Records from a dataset
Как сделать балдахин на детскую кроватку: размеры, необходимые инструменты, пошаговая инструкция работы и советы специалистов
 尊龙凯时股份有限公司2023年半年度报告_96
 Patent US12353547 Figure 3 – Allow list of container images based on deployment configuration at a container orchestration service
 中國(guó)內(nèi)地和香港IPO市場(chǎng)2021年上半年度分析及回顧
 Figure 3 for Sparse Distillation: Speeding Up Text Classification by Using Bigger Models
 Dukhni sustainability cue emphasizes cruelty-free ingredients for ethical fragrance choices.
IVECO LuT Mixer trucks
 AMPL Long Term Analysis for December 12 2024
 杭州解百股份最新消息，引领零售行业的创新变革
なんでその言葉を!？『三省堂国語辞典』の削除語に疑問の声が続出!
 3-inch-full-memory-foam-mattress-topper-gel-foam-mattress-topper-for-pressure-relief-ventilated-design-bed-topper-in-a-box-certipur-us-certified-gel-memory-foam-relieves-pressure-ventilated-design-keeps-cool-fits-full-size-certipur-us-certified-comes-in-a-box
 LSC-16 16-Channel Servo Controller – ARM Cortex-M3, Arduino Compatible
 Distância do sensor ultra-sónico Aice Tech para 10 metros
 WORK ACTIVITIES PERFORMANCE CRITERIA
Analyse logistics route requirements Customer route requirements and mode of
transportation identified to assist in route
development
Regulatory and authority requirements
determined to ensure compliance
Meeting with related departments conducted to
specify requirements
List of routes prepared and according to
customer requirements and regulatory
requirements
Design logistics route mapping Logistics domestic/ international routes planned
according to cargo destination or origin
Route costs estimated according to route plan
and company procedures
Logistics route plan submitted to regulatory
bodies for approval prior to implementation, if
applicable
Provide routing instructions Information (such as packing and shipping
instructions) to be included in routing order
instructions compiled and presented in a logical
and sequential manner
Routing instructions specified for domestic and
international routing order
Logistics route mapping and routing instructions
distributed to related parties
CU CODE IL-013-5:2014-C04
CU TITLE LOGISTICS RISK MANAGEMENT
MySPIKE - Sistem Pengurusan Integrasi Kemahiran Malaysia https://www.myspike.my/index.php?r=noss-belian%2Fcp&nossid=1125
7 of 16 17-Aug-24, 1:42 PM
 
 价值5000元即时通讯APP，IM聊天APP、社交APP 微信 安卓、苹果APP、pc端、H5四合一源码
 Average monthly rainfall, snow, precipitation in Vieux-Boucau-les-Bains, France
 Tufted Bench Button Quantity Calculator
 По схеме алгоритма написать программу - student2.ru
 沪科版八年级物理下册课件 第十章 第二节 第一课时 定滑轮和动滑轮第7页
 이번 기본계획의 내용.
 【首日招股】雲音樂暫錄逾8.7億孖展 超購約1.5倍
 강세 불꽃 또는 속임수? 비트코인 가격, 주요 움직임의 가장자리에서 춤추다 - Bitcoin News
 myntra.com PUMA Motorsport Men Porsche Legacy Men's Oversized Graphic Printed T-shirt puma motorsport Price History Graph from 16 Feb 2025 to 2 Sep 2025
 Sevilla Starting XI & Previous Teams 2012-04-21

● The task: State the count of lines in the data holding the word "according", adding nothing to it.

● Expected answer: 3